After locating the pool of relevant articles in the three phases, the author group evaluated the article abstracts, to screen out less-relevant articles, representing a fourth step. The authors read and evaluated all abstracts, which resulted in 45 articles. Many of the abstracts and articles in the three databases appeared in both search string groups. In the next step, a deeper reading of the articles resulted in the screening of articles for those in which the purpose and included theories were not clearly related to WPL or OL and sustainability, resulting in 43 articles constituting the data for this review analysis. The 43 articles are marked with an asterisk in the reference list. The quality assessment was a mixture of recognized accuracy, relevance, and general coupling with the fields of OL and WPL. Firstly, we evaluated in what way the “scope” of the study correlated with the research question and interest, and thus whether the study dealt with sustainability and learning in organizations or workplaces as associated concepts or notions. Secondly, we used “source”, referring to articles on empirical or theoretical research related to sustainability and learning in organizations or workplaces. Thirdly, we employed context as an important assessment criterion; for example, studies that set out to examine sustainability researched in primary schools or vocational education were omitted, as well as studies that had a purely environmental agenda. Thus, the articles we analyzed dealt with OL and/or WPL associated with sustainability defined in a coherent way and made good use of the theory and definitions of core concepts, including strong supportive data and integrated methods and theoretical concepts.

3.3. Analytical Strategy

We used thematic analysis to uncover categories and themes relevant to the research question for the identified articles. The use of thematic qualitative analysis was inspired by the structure and ideas outlined and developed by Braun and Clarke [36] within qualitative method studies, and further employed by Brown et al. [37] for a scoping review. We started the analysis by reading through all the articles, to compose an overview of the selected studies. Next, we used two questions as structuring devices to frame and organize the thematic analysis of the selected articles, to help answer the main research questions guiding our study: (1) How is sustainability approached? (2) How is sustainability associated with organizational and workplace learning? The articles were divided among three researchers, each of whom carefully concentrated on one-third of the articles and examined the keywords and descriptions that matched the questions. We created an analytical table in which we categorized the descriptions and keywords found in each article in terms of approaches to sustainability and the associations between sustainability and learning. In this way, we carried out the process of summarizing the data, which is an important phase of thematic analysis [36]. After the summarizing phase, we analyzed the descriptions and keywords compiled in the form of a table that presents the perspective of our research question. We interpreted the perspectives and similarities and differences between the keywords and descriptions found. Based on the data, we created four themes that were represented as recurrent themes in the data, each of which produced a different description from the perspectives of sustainability. After creating and naming the preliminary themes, we reviewed the material once again, to ensure that the descriptions and keywords found in the material aligned with the themes created.

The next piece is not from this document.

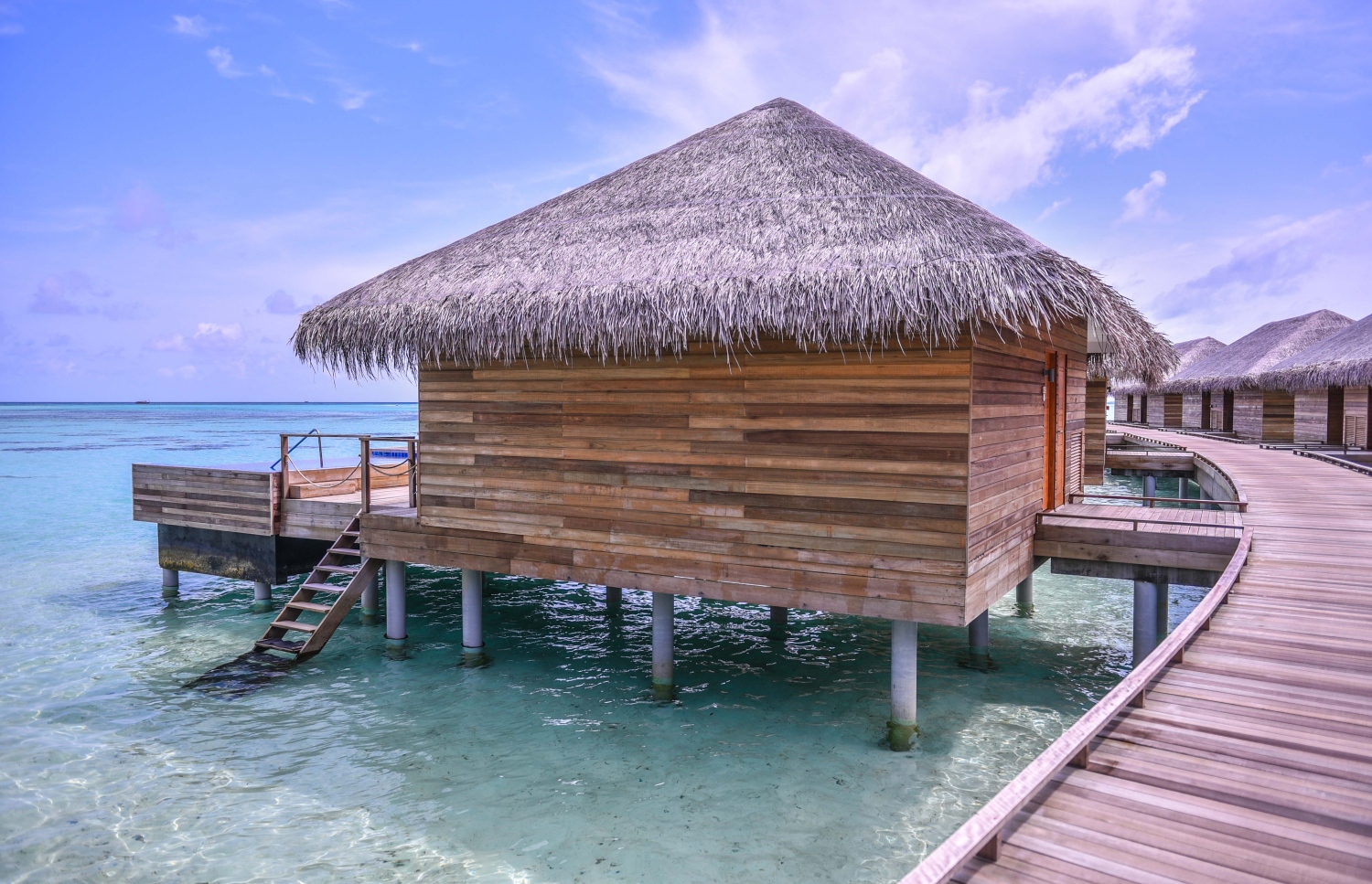 ކޮކޫން މޯލްޑިވްސް: ޖޫން 11، 2017- އިޓަލީގެ އެންމެ މަޝްހޫރު އެއް ޑިޒައިނިން ފާމް ކަމަށްވާ "ލާގޯ" އިން ޑިޒައިންކޮށްފައިވާ ރާއްޖޭގެ ފުރަތަމަ ޑިޒައިނާ ރިސޯޓު ކޮކޫން މޯލްޑިވްސްގެ ވޯޓާވިލާތައް: މި ރިސޯޓުގެ ވިލާތަކުގަ އާއި ރެސްޓޯރަންޓާއި އެ ނޫން ވެސް އެކި ތަންތަނުގައި ބޭނުންކުރާ ހުރިހާ ފަރުނީޗަރު ތަކެއްގައި ހެން ހުންނަނީ ބިއްލޫރި ފައި ނުވަތަ މިޑް އެއާ ފަރުނީޗަރުތައް.---މިހާރު ފޮޓޯ: ހުސެއިން ވަހީދު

Based on this analysis, the names of the themes were developed.
Twenty-five (61%) of the articles used an empirical method and data, whereas 17 (39%) articles were theoretical studies, including discussion notes and reviews. The main type of empirical study was qualitative, single-, or multiple-case studies. Of the 25 empirical studies, 20 were qualitative case studies, including nine single-case and 11 multiple-case studies. Regarding the quantitative studies, three were based on survey data, and two were mixed-methods studies integrating various data. The three quantitative empirical studies were mainly observational. In terms of sector, the empirical qualitative case studies covered very varied types of enterprises, including private and public organizations, but most examined private companies. The three quantitative studies took place in a software firm and two environment-oriented firms, one public and one private. Many of the empirical studies were conducted in the Nordic countries, the United Kingdom, Australia, and the United States, while a few were conducted in South America and China, indicating the Western emphasis in representative locations. Of the 17 theoretical studies, 14 were purely theoretical, whereas two were reviews.

4. Results

In this research, we explored the perspectives that have been used in approaching sustainability in OL and WPL studies. The analysis of the identified study shows that OL and WPL research has utilized four different perspectives on the approach to sustainability associated with learning: (1) balance perspective, (2) dimensional perspective, (3) integral perspective, and (4) outcome perspective. We present these perspectives in more detail below.

4.1. Balance Perspective

The first perspective on the approach to sustainability in the OL and WPL articles emphasizes balance, indicated by the name of the theme, “balance perspective”. In articles, the balance perspective often originated in the Brundtland Commission’s ([38], p. 43) generally accepted portrayal of sustainability as a “development that meets the needs of the present without compromising the ability of future generations to meet their own needs”. In the articles, the use of sustainability denotes a general narrative that emphasizes the significance of a necessary equilibrium or balance between current exploitation and exploration of resources (broadly defined) and future resources, as a type of conventional win-win-win rationality in the field across time [3,39,40,41]. The time and equilibrium aspects function as a pivotal perspective for the meaning of sustainability in OL and WPL studies generally across the studies, signifying that learning and change, for instance, at the economical level needs a concurrent awareness of the social and ecological consequences. For instance, according to this perspective, a sustainable competence development program in an enterprise must not look at the present benefit of an initiative but must integrate the long-term effects, as well as finding a balance between the resources used to develop and launch the program and the future use and distribution of resources and needs of the program.
The balance perspective also emerged in articles based on the notion of the triple bottom line (TBL), encompassing the three pillars of sustainability: the environment, the economy and society. Referring to Elkington’s [42] important contribution to the possible win-win-win scenario from the right balance among the three pillars, almost all articles used the TBL as a necessity for characterizing sustainability [1,6,43,44,45,46]. The balance of the three features of TBL opens dynamics in the specific characterizations of sustainability within research on OL and WPL.
As an illustration of the use of the balance perspective of sustainability in OL and WPL studies, Benn and Martin ([47], p.397) define sustainability as “a holistic body of knowledge and understanding of practice that meets the needs of current and future generations”. This denotes the fact that sustainability must not only embrace needs and resources over time, but also include universal knowledge and practices in each space to be termed sustainable, echoing the general understanding developed by Brundtland. In another example, Gallagher et al. [40] defined sustainability as a phenomenon that depends on “a balanced relationship of the triple bottom line – people, profit and planet” (p. 1). Thus, the authors scrutinized the balance among the three pillars reflecting the TBL conceptualization of sustainability, as well as the balance between present and future use of resources. Generally, across the identified studies we observed wide agreement regarding the definition of sustainability that follows the dimensions from the TBL argument, although the features were presented as contested trade-offs, which we examine in more depth in the following subsection.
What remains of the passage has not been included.